From: Kenneth Whistler (kenw@sybase.com)
Date: Wed Mar 31 2004 - 18:16:03 EST
> Surely Unicode didn't waste two planes for something that
> no one can practically use.
Plane 15 and Plane 16 private use characters weren't the
invention of the UTC, by the way. They derive from the
original specification of ISO/IEC 10646-1. From
ISO/IEC 10646-1: 1993:
"The code positions of 32 planes from Plane E0 to Plane FF
of Group 00 shall be for Private Use.
"The code positions of the 32 groups from Group 60 to Group 7F
shall be for Private Use."
That would have been:
U-00E00000..U-00FFFFFD
U-60000000..U-7FFFFFFD
That was 8224 *planes* of private use code positions.

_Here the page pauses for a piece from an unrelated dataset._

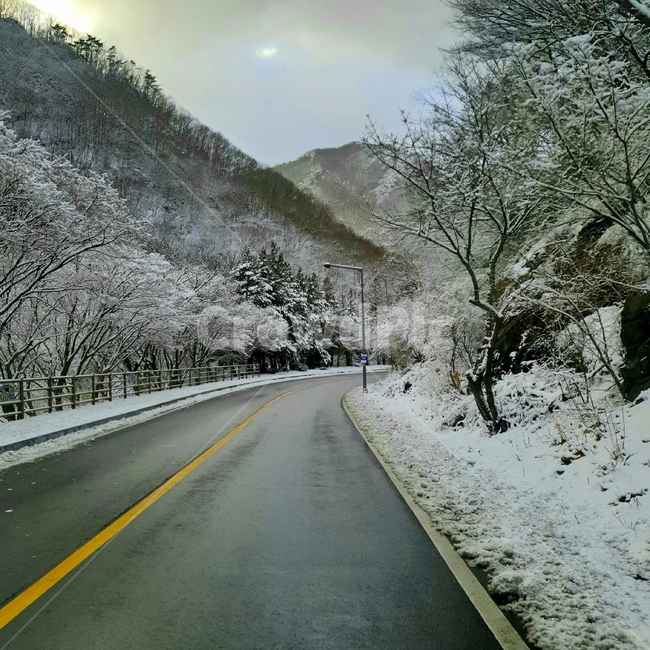 내장산,겨울,산,자연,풍경,겨울,계절,winter,season,교통,교통수단,traffic,transportation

Amendment 1 (the one that defined UTF-16) amended that to
read:
"The code positions of the 32 groups from Group 60 to
Group 7F shall be for private use.
"The code positions of Plane 0F and Plane 10, and of the
32 planes from Plane E0 to Plane FF, of Group 00 shall
be for private use.
"The 6400 code positions E000 to F8FF of the Basic
Multilingual Plane shall be for private use."
That was 8226 *planes* of private use code positions,
besides the 6400 code positions on the BMP (which had
been defined earlier, but not spelled out in the same
clause with the rest of the private use allocation).
The addition of Plane 0F and Plane 10 was so there were
some private use planes accessible via UTF-16.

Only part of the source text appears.